Papanikolaou Yannis, Tsoumakas Grigorios, Laliotis Manos, Markantonatos Nikos, Vlahavas Ioannis
Department of Computer Science, Aristotle University, Thessaloniki, 54124, Greece.
Atypon, 5201 Great America Parkway Suite 510, Santa Clara, 95054, CA, USA.
J Biomed Semantics. 2017 Sep 22;8(1):43. doi: 10.1186/s13326-017-0150-0.
In this paper we present the approach that we employed to deal with large scale multi-label semantic indexing of biomedical papers. This work was mainly implemented within the context of the BioASQ challenge (2013-2017), a challenge concerned with biomedical semantic indexing and question answering.
Our main contribution is a MUlti-Label Ensemble method (MULE) that incorporates a McNemar statistical significance test in order to validate the combination of the constituent machine learning algorithms. Some secondary contributions include a study on the temporal aspects of the BioASQ corpus (observations apply also to the BioASQ's super-set, the PubMed articles collection) and the proper parametrization of the algorithms used to deal with this challenging classification task.

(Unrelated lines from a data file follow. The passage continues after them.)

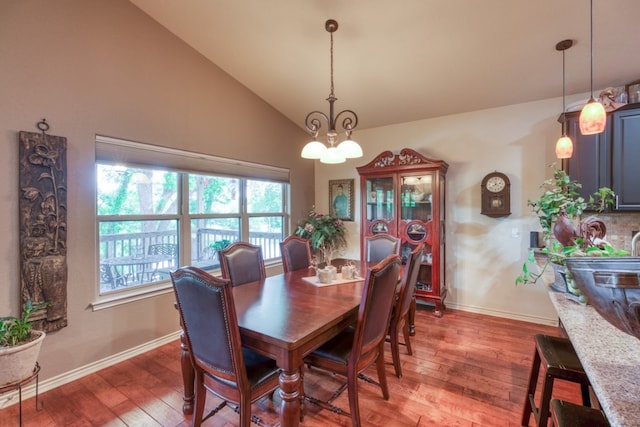 dining space featuring light wood finished floors, baseboards, a chandelier, and vaulted ceiling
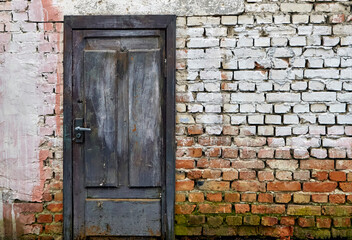 Rustic brick wall featuring a weathered blue wooden door with whitewash remnants
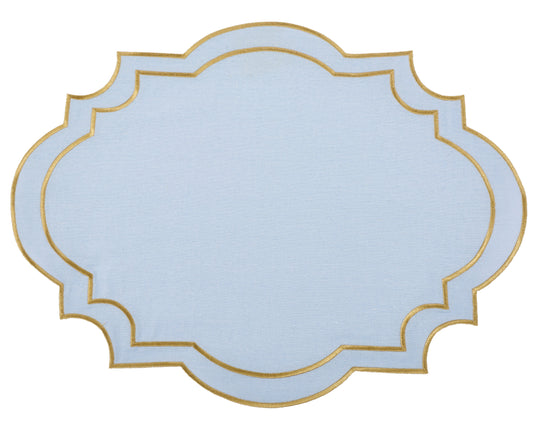 a white and gold place mat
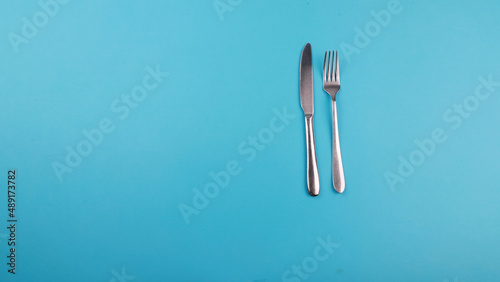 Crossed steel knife and fork on tredny soft blue paper background with side copy space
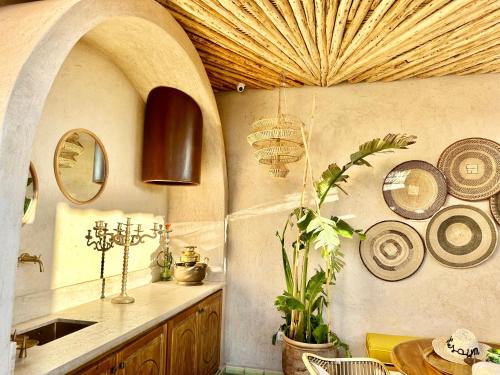 a kitchen with a table and plates on the wall at Riad Nesayam in Marrakech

The ensemble method that we developed is compared to other approaches in experimental scenarios with subsets of the BioASQ corpus giving positive results. In our participation in the BioASQ challenge we obtained the first place in 2013 and the second place in the four following years, steadily outperforming MTI, the indexing system of the National Library of Medicine (NLM).

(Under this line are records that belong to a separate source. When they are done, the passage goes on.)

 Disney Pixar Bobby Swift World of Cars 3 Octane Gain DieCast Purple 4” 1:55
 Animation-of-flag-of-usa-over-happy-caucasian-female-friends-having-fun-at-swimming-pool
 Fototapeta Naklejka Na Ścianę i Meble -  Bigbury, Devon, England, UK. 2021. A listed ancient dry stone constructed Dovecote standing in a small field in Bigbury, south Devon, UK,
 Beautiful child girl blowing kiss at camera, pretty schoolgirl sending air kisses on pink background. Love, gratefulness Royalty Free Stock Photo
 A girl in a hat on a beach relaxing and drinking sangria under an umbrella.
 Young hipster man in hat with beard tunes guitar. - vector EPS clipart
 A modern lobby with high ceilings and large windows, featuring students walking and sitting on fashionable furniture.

The results of our experimental comparisons, suggest that employing a statistical significance test to validate the ensemble method's choices, is the optimal approach for ensembling multi-label classifiers, especially in contexts with many rare labels.

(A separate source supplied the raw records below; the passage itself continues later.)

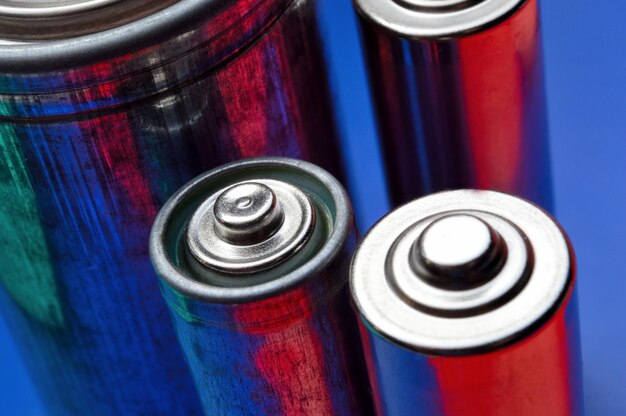 Diverse batterie multicolori su sfondo blu-rosso. avvicinamento.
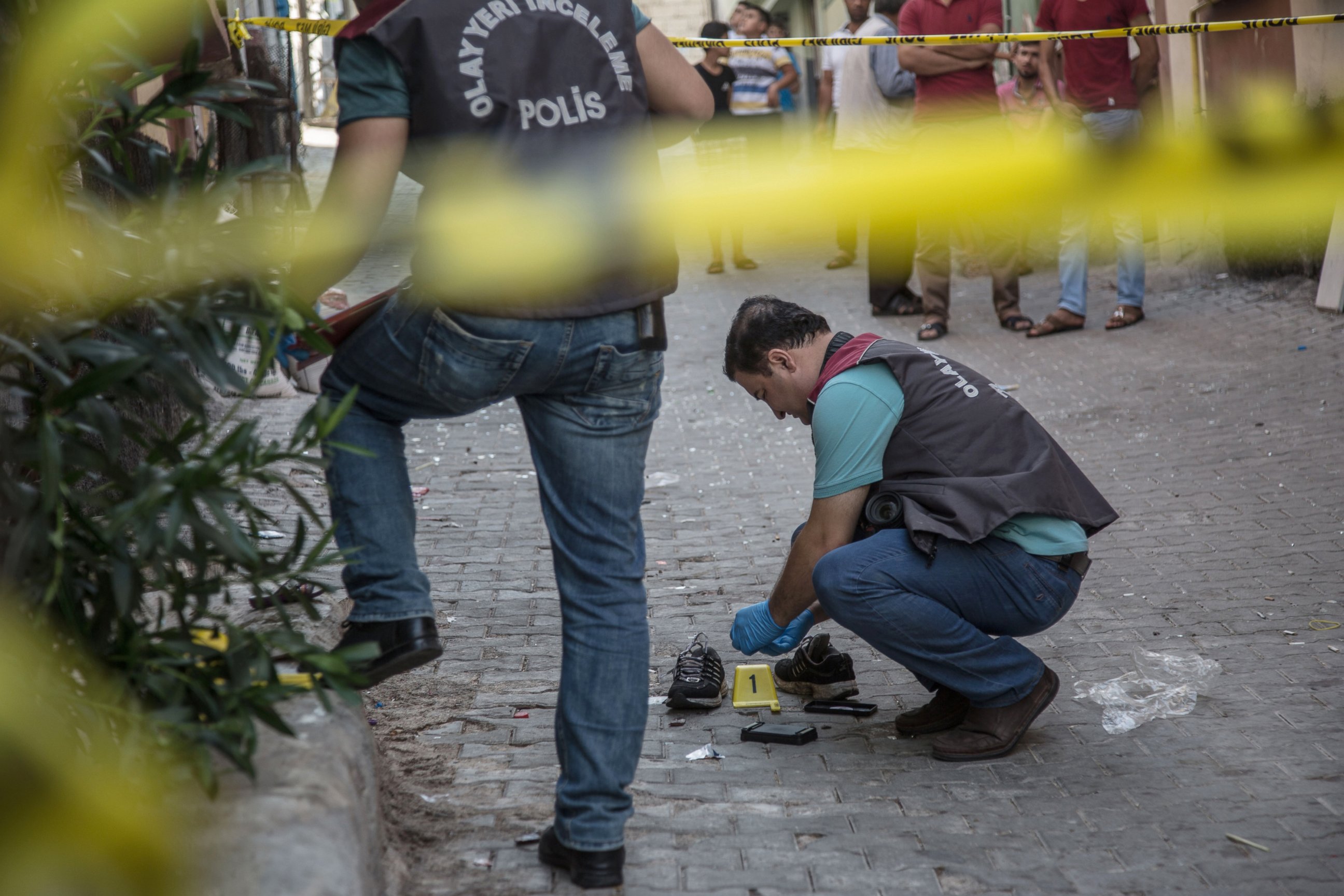PHOTO: Turkish police work near the explosion scene following a late night attack on a wedding party that left at least 30 dead in Gaziantep in southeastern Turkey near the Syrian border, Aug. 21, 2016. 
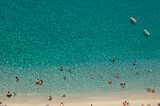 Fototapeta Na ścianę - Aerial view of sandy beach with swimming people in sea with transparent blue water in summer.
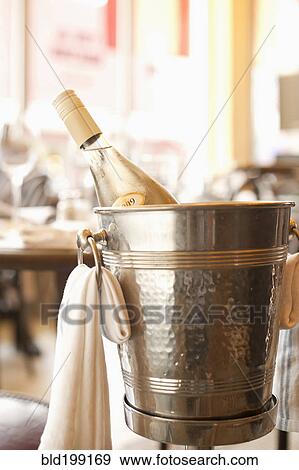 Stock Photo - Close up of white wine in ice bucket. Fotosearch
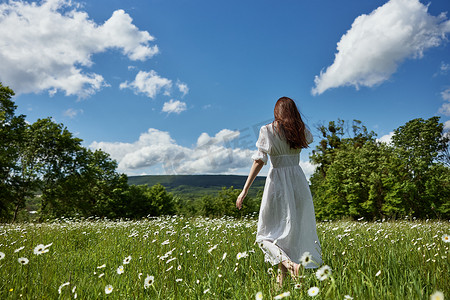一个长着红色长发的女人背对着镜头站着，身着浅色连衣裙站在蓝天映衬下的雏菊花田里，望着远方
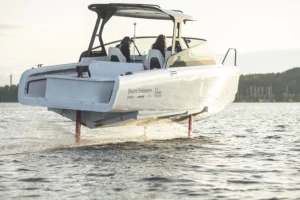 A rear view of the candela electric boat cutting across the water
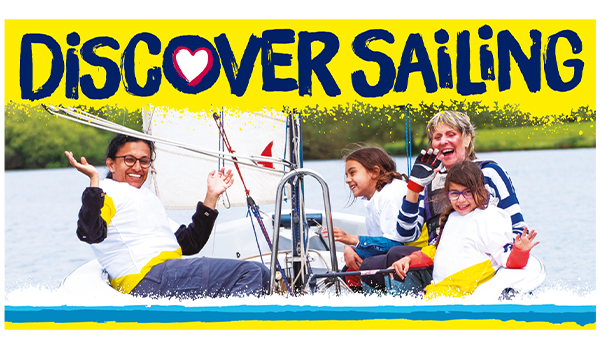 Family enjoying sailing taster session
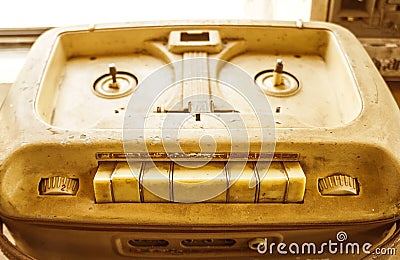 Old vintage player of reels. The antique Reel-to-Reel. Tape Recorder with spools. Bobbin tape recorder Stock Photo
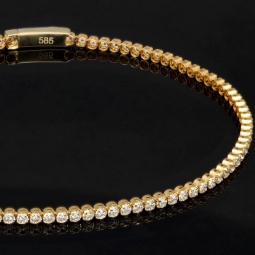 Funkelndes Tennisarmband mit weißen Zirkoniasteinen aus Gelbgold (585 14K Gold) in ca. 20,5 cm Länge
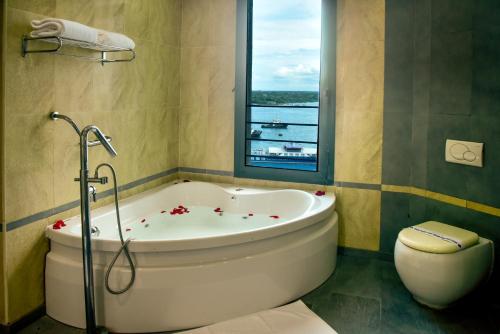 bagno con vasca e finestra di Harbour View Suites a Dar es Salaam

在本文中,我们介绍了用于处理生物医学论文大规模多标签语义索引的方法。这项工作主要是在BioASQ挑战赛(2013 - 2017年)的背景下实施的,该挑战赛涉及生物医学语义索引和问答。
我们的主要贡献是一种多标签集成方法(MULE),它纳入了麦克尼马尔统计显著性检验,以验证组成机器学习算法的组合。一些次要贡献包括对BioASQ语料库时间方面的研究(观察结果也适用于BioASQ的超集,即PubMed文章集合)以及用于处理这一具有挑战性分类任务的算法的适当参数化。
我们开发的集成方法在使用BioASQ语料库子集的实验场景中与其他方法进行了比较,取得了积极成果。在我们参与BioASQ挑战赛的过程中,我们在2013年获得了第一名,并在随后的四年中获得了第二名,持续优于美国国立医学图书馆(NLM)的索引系统MTI。
我们实验比较的结果表明,采用统计显著性检验来验证集成方法的选择,是集成多标签分类器的最佳方法,特别是在有许多稀有标签的情况下。